You could do it. It won't hurt your sand dwellers - unless you have a very thin layer of sand and they can't actually sift through it.
If the bottom of your tank is tempered, it spreads out the weight and prevents point loads.
I have it under my rocks (I think ).


----------



## vladfragdit (Aug 7, 2009)

Eggcrate is a great way of preventing your rock from breaking the bottom pane of your aquarium's glass. It will not inhibit many creatures to burrow as there will be some space above the eggcrate. But don't bother then with getting sifting starfish. They need more space.


----------



## gucci17 (Oct 11, 2007)

Have you ever considered star board? Same stuff they use to make cutting boards out of.


----------



## PACMAN (Mar 4, 2010)

where would I buy that?

at any rate I purchased eggcrate, and am thinking of putting pieces where my rocks are going to rest. not the whole bottom. this way it doesn't interfere with my sand sifting creatures


----------



## gucci17 (Oct 11, 2007)

PACMAN said:


> where would I buy that?
> 
> at any rate I purchased eggcrate, and am thinking of putting pieces where my rocks are going to rest. not the whole bottom. this way it doesn't interfere with my sand sifting creatures


Plastic shops will cut pieces to size for you. There's a place in Markham, I would have to ask my buddy where it was again.

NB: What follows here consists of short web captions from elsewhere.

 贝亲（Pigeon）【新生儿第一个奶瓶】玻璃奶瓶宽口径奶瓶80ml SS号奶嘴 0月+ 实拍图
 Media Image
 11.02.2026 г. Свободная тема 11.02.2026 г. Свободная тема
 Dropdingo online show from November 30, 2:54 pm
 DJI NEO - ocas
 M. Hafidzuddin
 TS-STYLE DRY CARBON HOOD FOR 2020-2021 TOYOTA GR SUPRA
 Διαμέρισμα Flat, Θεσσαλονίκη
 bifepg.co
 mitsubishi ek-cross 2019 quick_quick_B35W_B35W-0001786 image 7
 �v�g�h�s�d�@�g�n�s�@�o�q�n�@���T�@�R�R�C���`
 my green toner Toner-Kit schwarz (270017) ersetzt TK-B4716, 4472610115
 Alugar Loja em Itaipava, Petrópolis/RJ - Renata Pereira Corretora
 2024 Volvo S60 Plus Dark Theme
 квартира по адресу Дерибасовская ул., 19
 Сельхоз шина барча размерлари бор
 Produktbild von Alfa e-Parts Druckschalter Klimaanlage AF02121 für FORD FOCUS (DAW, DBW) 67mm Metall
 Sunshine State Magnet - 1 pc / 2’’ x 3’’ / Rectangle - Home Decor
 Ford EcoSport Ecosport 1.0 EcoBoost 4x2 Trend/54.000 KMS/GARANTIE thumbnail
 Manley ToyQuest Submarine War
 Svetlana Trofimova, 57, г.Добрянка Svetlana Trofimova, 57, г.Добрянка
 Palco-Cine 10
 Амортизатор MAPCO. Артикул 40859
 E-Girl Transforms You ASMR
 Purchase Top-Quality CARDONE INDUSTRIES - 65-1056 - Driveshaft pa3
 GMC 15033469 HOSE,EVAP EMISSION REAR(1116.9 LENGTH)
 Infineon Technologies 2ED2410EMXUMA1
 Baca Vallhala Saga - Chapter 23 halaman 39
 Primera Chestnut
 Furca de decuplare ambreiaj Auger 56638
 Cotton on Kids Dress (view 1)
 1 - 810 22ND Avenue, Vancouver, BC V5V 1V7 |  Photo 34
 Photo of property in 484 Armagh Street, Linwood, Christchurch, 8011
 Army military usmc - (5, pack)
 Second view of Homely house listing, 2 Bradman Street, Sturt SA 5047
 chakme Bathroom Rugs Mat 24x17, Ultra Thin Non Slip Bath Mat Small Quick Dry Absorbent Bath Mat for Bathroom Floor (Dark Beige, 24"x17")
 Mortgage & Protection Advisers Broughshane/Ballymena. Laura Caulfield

Your eggcrate is perfectly fine as well.


----------



## PACMAN (Mar 4, 2010)

I think ill just eggcrate it then. Markham is too far lol


----------



## gucci17 (Oct 11, 2007)

PACMAN said:


> I think ill just eggcrate it then. Markham is too far lol


Doesn't have to be Markham, that was just were my friend bought some. I'm sure there's local plastic shops who can supply it as well. But you have eggcrate so I wouldn't worry about it.


----------



## Big Ray (Dec 8, 2009)

Mine has an Egg crate now, but my next tank wont, 

the egg crate for sure leacks some stuff into water, just like flexible PVC, still working to find out what though .


----------



## PACMAN (Mar 4, 2010)

Big Ray said:


> Mine has an Egg crate now, but my next tank wont,
> 
> the egg crate for sure leacks some stuff into water, just like flexible PVC, still working to find out what though .


so you will just have bare rock on glass?


----------



## Big Ray (Dec 8, 2009)

PACMAN said:


> so you will just have bare rock on glass?


on sand.

and as Ameek said earlier, if you get a good tank to begin with, its bottom will be tempered. and will even out the pressure.

Egg crate is used to even out the point of pressure from the rocks, it will not prevent glass shattering if rock falls on it. (rock slide)


----------



## PACMAN (Mar 4, 2010)

well from what i understand, i have tempered glass on the bottom of my biocube. so i guess i shouldn't worry soo much. i think i will just put the eggcrate where the rock touches down. this way it will help a bit, but will not limit sand-dwellers from moving around


----------



## goffebeans (Jul 23, 2007)

gucci17 said:


> Have you ever considered star board? Same stuff they use to make cutting boards out of.


Any idea how much starboard cost? heard it was quite expensive a while back.

If you do find the name of the place in Markham, let me know.

Thanks


----------



## shiver905 (Nov 2, 2010)

Id never go eggcrate either, altho i like the idea of just puttting it there on the base of your LR.


----------



## gucci17 (Oct 11, 2007)

goffebeans said:


> Any idea how much starboard cost? heard it was quite expensive a while back.
> 
> If you do find the name of the place in Markham, let me know.
> 
> Thanks


I haven't talked to my friend yet but I will when I see him.

The only thing that scares me is stuff getting trapped underneath and creating a nitrate factory...but seems like enough reefers use it.

I think I might just go without eggcrate or starboard on my new build.


----------